> **INPUT DATA**:

============================================================

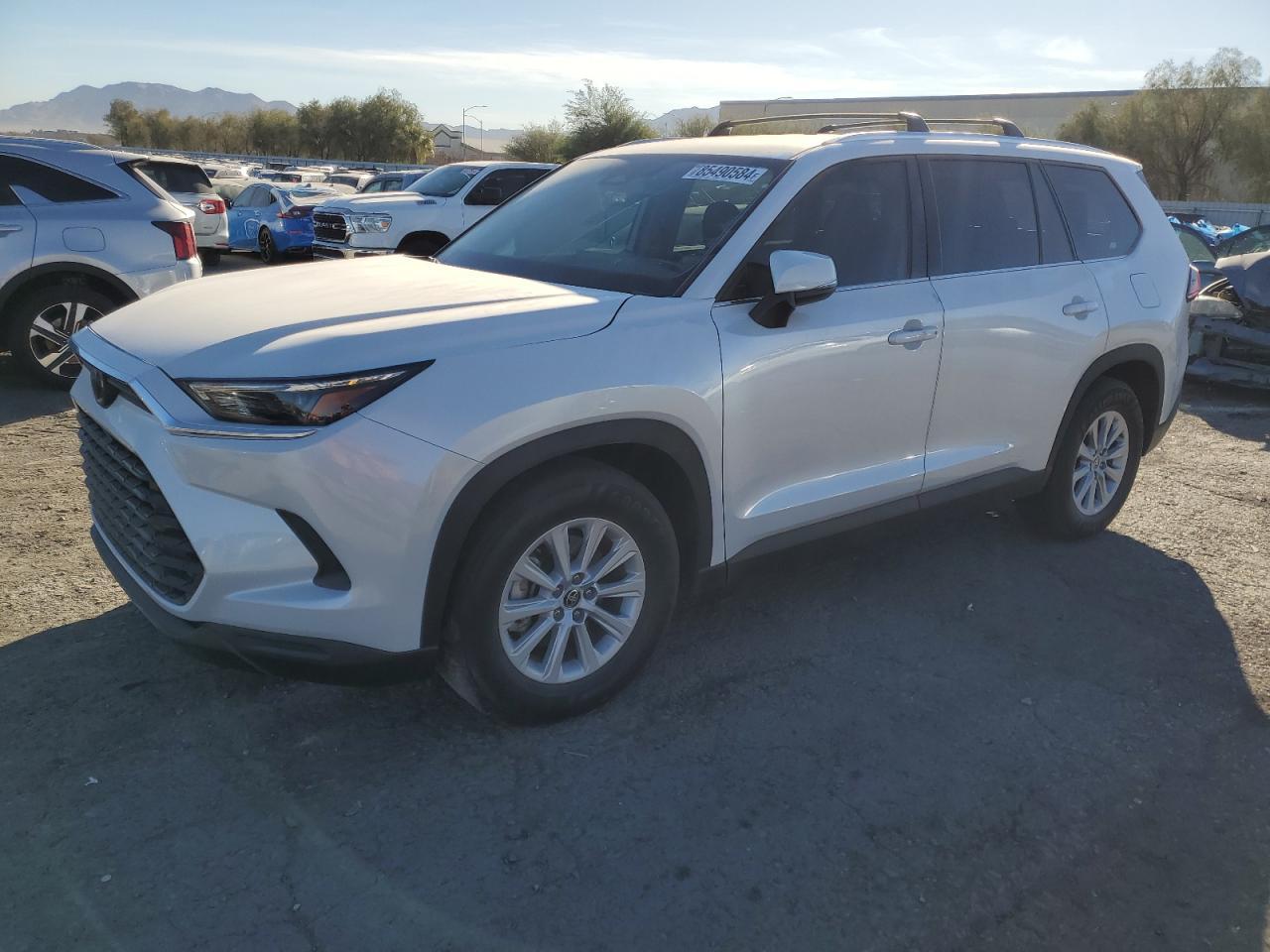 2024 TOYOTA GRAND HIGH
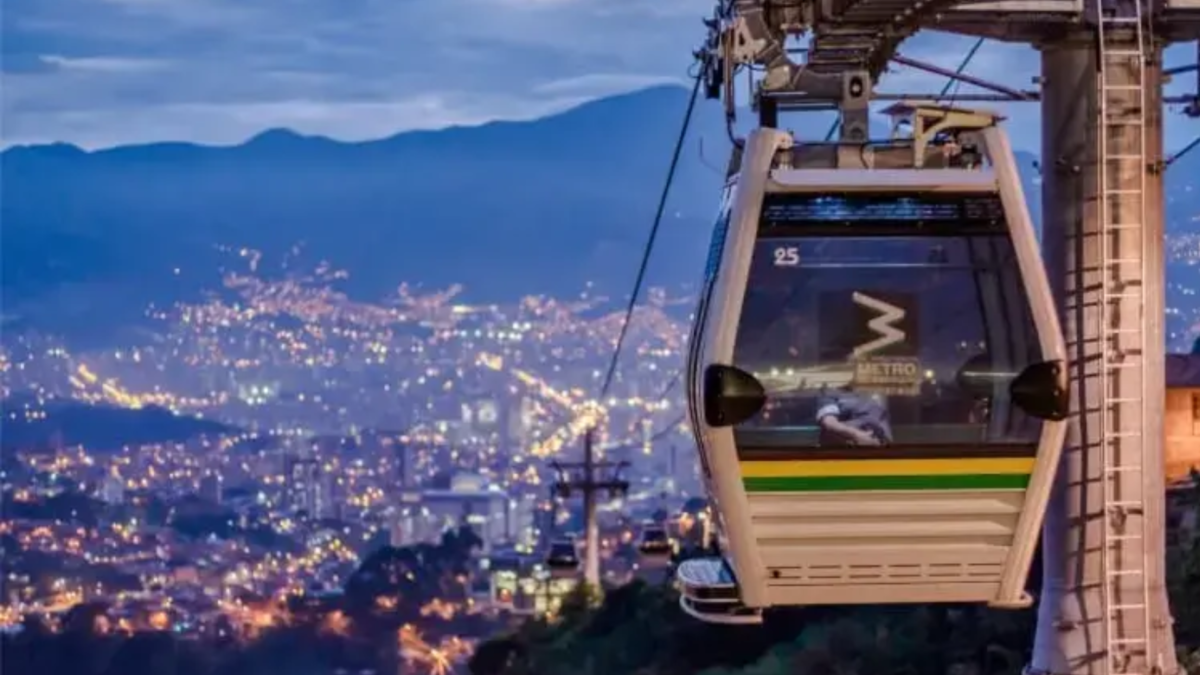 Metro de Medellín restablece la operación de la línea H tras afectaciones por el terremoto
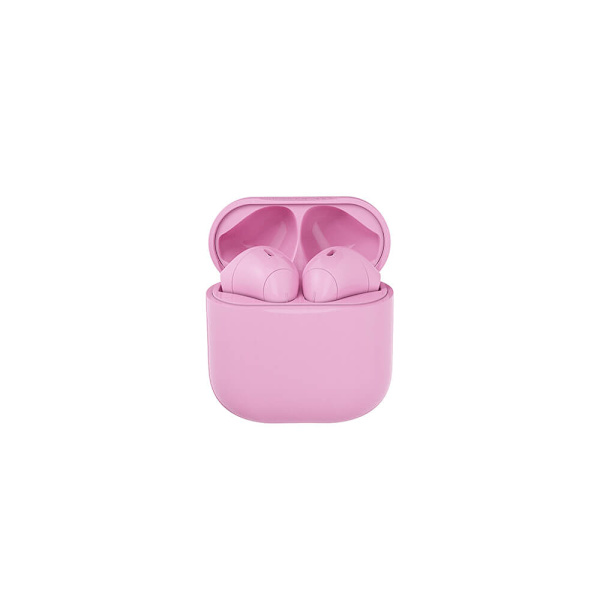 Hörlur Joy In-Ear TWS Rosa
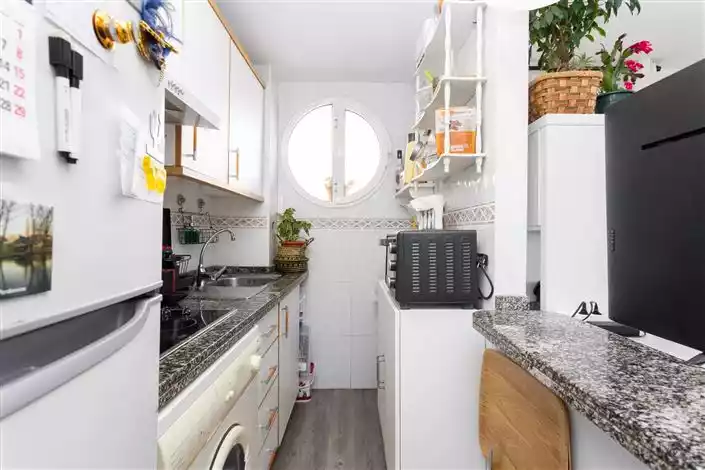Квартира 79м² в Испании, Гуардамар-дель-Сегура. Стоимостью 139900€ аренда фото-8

============================================================

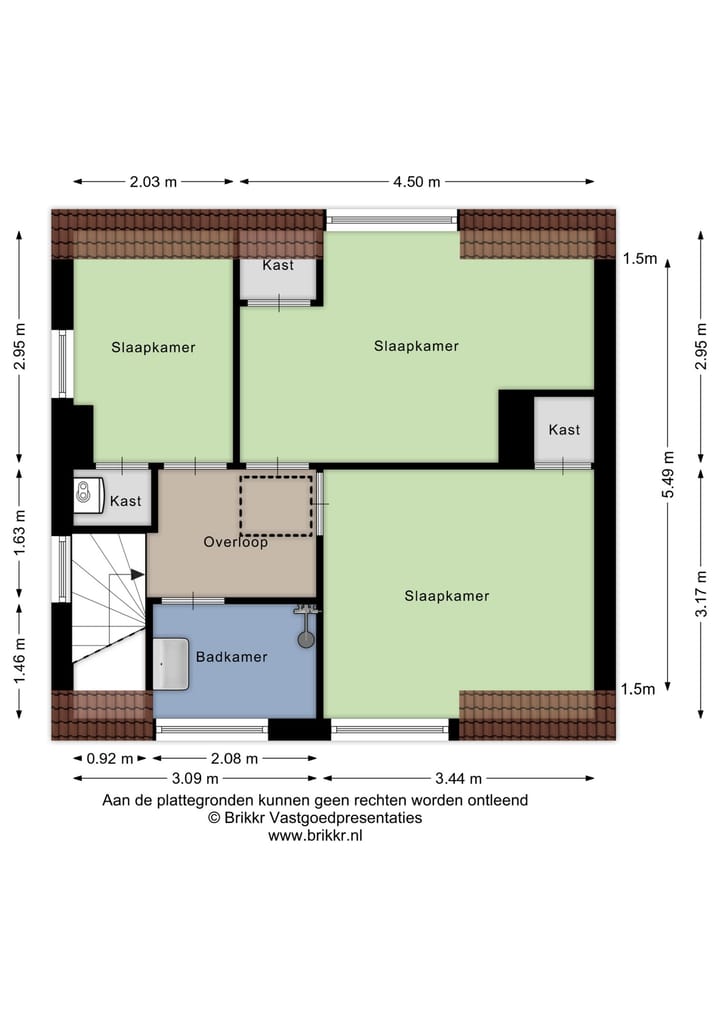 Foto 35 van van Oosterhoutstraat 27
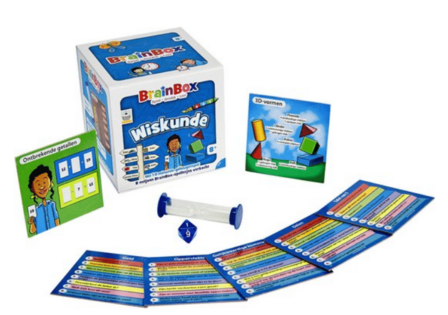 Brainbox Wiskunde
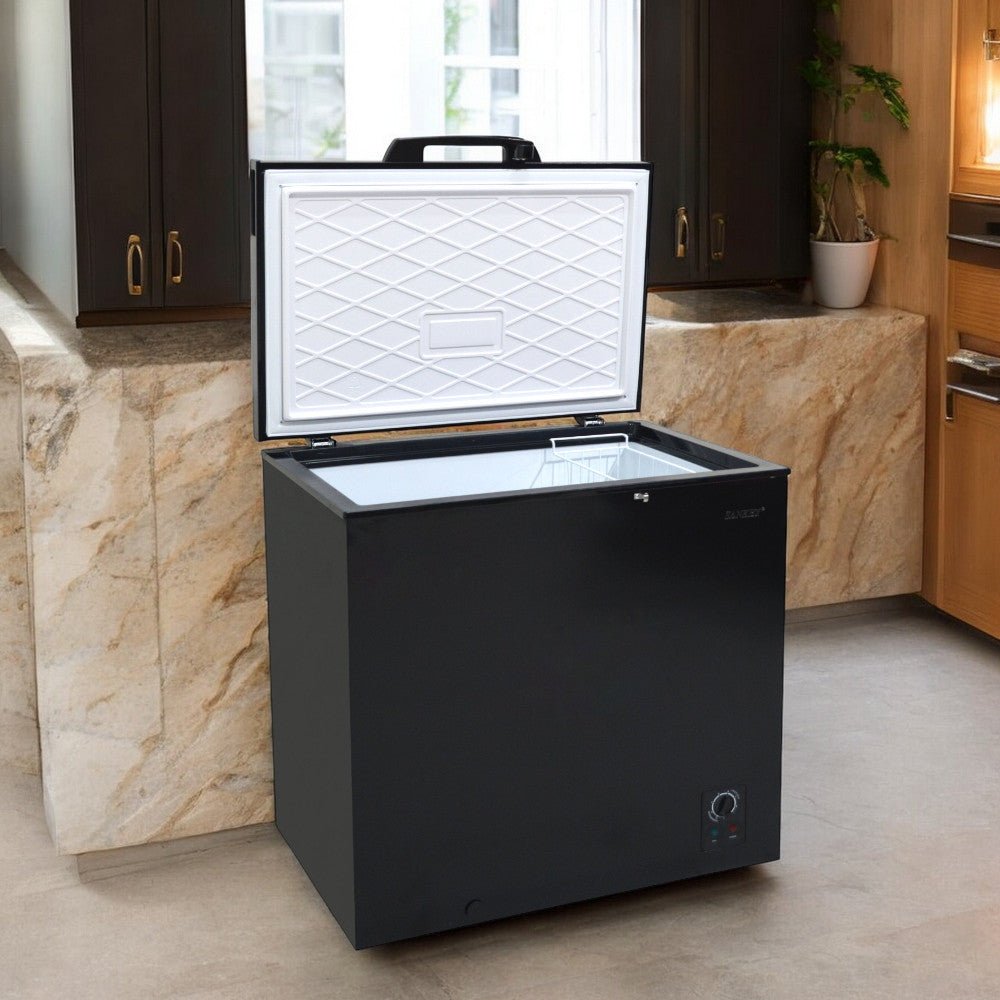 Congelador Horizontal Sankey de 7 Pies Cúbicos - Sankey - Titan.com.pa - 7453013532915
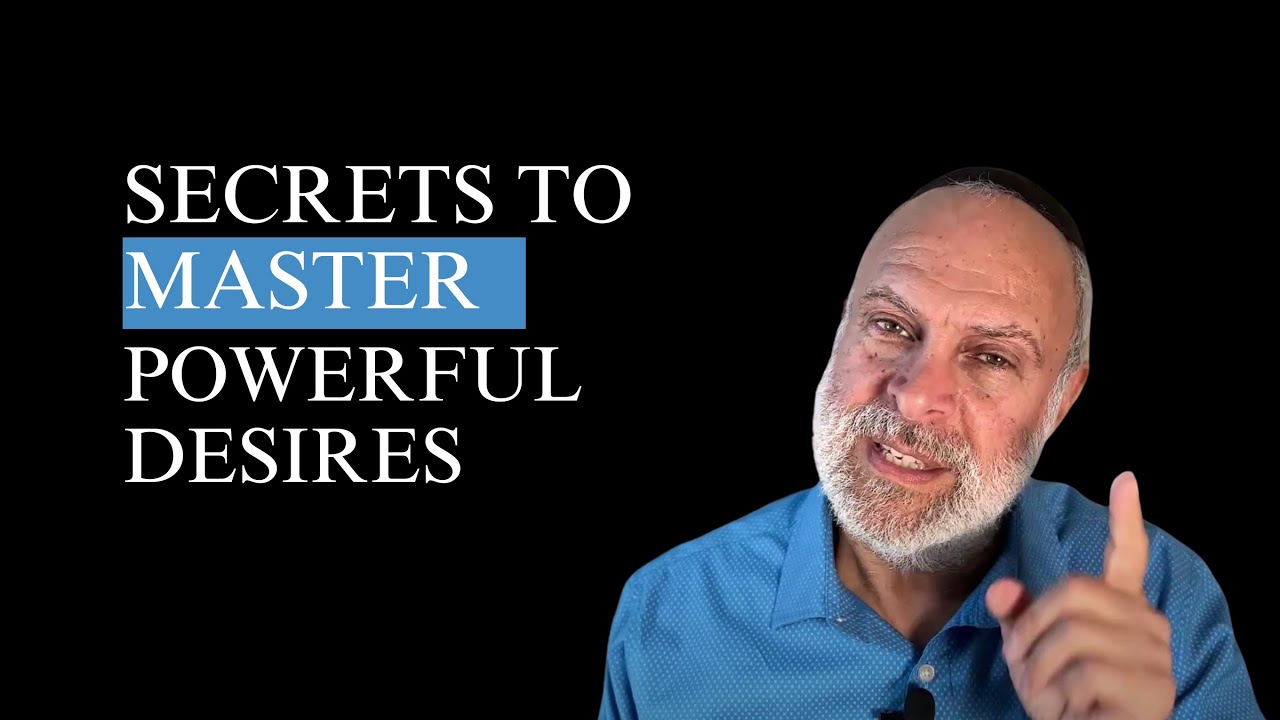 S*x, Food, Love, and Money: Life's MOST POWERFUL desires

============================================================

> **YOUR ASSIGNMENT**:
Taking the entries above, extract every line from the one bearing "2024 TOYOTA GRAND HIGH" through the one bearing "Квартира 79м² в", exactly, with no pictures.

> **TASK RESPONSE**:
 2024 TOYOTA GRAND HIGH
 Metro de Medellín restablece la operación de la línea H tras afectaciones por el terremoto
 Hörlur Joy In-Ear TWS Rosa
Квартира 79м² в Испании, Гуардамар-дель-Сегура. Стоимостью 139900€ аренда фото-8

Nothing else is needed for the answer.